### PROBLEM REQUIREMENTS:
Return the entries below exactly as written.

### DATASET EXCERPTS:

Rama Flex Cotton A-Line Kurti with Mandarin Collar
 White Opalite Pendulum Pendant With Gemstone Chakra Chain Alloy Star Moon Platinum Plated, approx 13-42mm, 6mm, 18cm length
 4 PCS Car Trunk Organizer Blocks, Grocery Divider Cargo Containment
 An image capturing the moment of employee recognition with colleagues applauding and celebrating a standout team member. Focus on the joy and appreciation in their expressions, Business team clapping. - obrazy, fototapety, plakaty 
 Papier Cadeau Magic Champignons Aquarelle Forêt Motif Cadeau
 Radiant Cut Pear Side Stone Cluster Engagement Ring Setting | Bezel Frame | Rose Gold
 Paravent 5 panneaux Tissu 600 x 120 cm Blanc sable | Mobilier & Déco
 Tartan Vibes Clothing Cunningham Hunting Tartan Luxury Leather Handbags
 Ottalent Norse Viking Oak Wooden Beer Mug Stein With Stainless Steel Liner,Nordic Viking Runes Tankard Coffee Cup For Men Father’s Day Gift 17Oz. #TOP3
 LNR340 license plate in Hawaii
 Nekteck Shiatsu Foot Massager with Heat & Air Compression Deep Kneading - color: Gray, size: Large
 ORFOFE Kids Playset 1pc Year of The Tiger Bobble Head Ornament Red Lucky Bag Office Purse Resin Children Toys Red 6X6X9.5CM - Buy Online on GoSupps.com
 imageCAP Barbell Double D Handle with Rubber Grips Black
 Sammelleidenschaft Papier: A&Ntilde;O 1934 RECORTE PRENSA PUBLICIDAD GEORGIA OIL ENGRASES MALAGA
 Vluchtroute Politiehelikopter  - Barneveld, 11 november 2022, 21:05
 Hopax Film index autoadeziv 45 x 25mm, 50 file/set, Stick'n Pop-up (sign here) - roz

### RESULT:
Rama Flex Cotton A-Line Kurti with Mandarin Collar
 White Opalite Pendulum Pendant With Gemstone Chakra Chain Alloy Star Moon Platinum Plated, approx 13-42mm, 6mm, 18cm length
 4 PCS Car Trunk Organizer Blocks, Grocery Divider Cargo Containment
 An image capturing the moment of employee recognition with colleagues applauding and celebrating a standout team member. Focus on the joy and appreciation in their expressions, Business team clapping. - obrazy, fototapety, plakaty 
 Papier Cadeau Magic Champignons Aquarelle Forêt Motif Cadeau
 Radiant Cut Pear Side Stone Cluster Engagement Ring Setting | Bezel Frame | Rose Gold
 Paravent 5 panneaux Tissu 600 x 120 cm Blanc sable | Mobilier & Déco
 Tartan Vibes Clothing Cunningham Hunting Tartan Luxury Leather Handbags
 Ottalent Norse Viking Oak Wooden Beer Mug Stein With Stainless Steel Liner,Nordic Viking Runes Tankard Coffee Cup For Men Father’s Day Gift 17Oz. #TOP3
 LNR340 license plate in Hawaii
 Nekteck Shiatsu Foot Massager with Heat & Air Compression Deep Kneading - color: Gray, size: Large
 ORFOFE Kids Playset 1pc Year of The Tiger Bobble Head Ornament Red Lucky Bag Office Purse Resin Children Toys Red 6X6X9.5CM - Buy Online on GoSupps.com
 imageCAP Barbell Double D Handle with Rubber Grips Black
 Sammelleidenschaft Papier: A&Ntilde;O 1934 RECORTE PRENSA PUBLICIDAD GEORGIA OIL ENGRASES MALAGA
 Vluchtroute Politiehelikopter  - Barneveld, 11 november 2022, 21:05
 Hopax Film index autoadeziv 45 x 25mm, 50 file/set, Stick'n Pop-up (sign here) - roz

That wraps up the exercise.